Yeah it had a lathe on it but the old thing had been kept out in my dads barn for who knows how many years.It was there when my parents bought the house lol. but it was so rusty that It wouldn't have been worth even trying to fix, I actually broke a piece off the tablesaw fence today when I was removing the motor


----------



## Tommie Hockett (Aug 26, 2012)

Woodwart said:


> OOO! I typed an 'h' instead of an 'm' in Shopsmith! Hmmm. Mi****s, ****ake, ****tim, are all legitimate words. But not in the forum?
> 
> Now I''m pissed off!


I have absolutely no idea what your talking about?


----------



## john lucas (Sep 18, 2007)

You can use a regular wood working chisel on a lathe. It makes a good skew or a scraper. The biggest problem is they aren't High Speed Steel and since they need sharpening often it's too easy to burn them on the grinder and lose the hardness. Trust me, HSS tools are worth the money although the Chinese HSS varies tremendously in quality control and you may or may not get a good one.


----------



## Indy Mike (Apr 22, 2013)

Theobroma said:


> I have the same lathe in black. I got it at Menards many years ago under the brand name Shop Tool. I did a lot of faceplate work on it and even a replacement spindle for my parent's deck. It worked great for what I did.
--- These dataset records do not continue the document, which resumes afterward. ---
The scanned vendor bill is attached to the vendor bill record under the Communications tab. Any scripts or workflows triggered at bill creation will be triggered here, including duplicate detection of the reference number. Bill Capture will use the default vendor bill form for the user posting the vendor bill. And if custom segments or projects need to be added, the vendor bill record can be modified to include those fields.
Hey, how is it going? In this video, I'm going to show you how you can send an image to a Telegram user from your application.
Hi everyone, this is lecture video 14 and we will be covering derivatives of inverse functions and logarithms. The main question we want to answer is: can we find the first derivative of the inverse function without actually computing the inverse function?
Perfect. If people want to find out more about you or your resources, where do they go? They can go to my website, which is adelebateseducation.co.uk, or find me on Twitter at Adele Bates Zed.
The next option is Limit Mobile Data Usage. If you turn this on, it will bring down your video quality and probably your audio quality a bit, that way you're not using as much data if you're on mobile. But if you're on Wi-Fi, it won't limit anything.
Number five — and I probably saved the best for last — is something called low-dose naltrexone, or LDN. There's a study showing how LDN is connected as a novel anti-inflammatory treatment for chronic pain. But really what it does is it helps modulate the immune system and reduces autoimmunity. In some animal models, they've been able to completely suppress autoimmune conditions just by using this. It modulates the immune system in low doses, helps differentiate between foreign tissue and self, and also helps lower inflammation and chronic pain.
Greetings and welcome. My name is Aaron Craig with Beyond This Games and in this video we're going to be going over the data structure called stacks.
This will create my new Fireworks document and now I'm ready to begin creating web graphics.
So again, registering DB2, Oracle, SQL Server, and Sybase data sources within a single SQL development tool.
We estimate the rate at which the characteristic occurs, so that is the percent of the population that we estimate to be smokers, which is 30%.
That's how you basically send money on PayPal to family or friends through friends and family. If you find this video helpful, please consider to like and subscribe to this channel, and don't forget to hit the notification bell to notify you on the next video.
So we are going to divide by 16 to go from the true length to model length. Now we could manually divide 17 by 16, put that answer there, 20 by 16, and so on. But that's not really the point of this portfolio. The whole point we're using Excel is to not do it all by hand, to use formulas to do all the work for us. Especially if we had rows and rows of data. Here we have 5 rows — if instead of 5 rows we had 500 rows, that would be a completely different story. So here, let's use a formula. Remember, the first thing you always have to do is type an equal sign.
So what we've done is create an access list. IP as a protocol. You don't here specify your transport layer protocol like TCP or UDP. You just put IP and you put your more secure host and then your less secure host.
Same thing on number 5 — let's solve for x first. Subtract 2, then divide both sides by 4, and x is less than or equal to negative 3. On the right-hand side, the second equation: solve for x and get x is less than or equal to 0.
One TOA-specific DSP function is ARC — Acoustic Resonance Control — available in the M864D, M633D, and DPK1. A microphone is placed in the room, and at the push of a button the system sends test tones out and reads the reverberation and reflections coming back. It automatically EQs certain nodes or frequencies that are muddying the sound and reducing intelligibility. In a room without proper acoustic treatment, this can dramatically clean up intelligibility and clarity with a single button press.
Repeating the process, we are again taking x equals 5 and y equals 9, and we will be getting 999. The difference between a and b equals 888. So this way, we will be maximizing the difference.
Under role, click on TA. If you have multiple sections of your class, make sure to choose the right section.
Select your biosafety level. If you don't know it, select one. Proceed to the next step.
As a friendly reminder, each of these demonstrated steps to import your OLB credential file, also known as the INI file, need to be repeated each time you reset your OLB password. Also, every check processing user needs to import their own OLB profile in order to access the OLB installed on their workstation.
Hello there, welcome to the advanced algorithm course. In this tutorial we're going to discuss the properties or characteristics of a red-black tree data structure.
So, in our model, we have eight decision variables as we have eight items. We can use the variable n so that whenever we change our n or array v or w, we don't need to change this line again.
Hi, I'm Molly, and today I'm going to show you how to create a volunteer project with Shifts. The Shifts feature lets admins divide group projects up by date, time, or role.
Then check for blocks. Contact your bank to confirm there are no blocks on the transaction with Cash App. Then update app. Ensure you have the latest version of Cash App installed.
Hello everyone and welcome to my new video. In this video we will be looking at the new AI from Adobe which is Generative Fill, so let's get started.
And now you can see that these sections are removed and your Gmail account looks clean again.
Changing speeds is a bit of a process and there's not much speed variety, but it's not a pain to do. It's a great first lathe to get your feet wet and see if you will make the commitment to turning. Get a nice starter set of tools and it will do almost anything you want.
> 
> Unfortunately, when I moved a few years back, I lost the drive center. On mine, the spindle is not a morris taper. It's a threaded shaft and the drive center was like a female nut with a drive tip on one side. It's wasn't in the box I packed all my lathe stuff in so it must have fallen off in the truck during the move.


I bought the same lathe from a gentleman that had moved up to
a "better lathe" and needed to space. I have the drive center
but he did not have a face plate. I am looking for a face plate
to try to turn a bowl. Does anyone know where I can find a face
plate that fits this lathe?
Thanks in advance.


----------



## Dave Paine (May 30, 2012)

Indy Mike said:


> I bought the same lathe from a gentleman that had moved up to
> a "better lathe" and needed to space. I have the drive center
> but he did not have a face plate. I am looking for a face plate
> to try to turn a bowl. Does anyone know where I can find a face
> ...


I have no idea what size or thread is on your lathe. If it is one of the sizes of the Beall series of spindle taps, cheaper to purchase a tap then make your own faceplates from wood.

http://www.packardwoodworks.com/Mer...Code=packard&Category_Code=lathes-acc-spintap


----------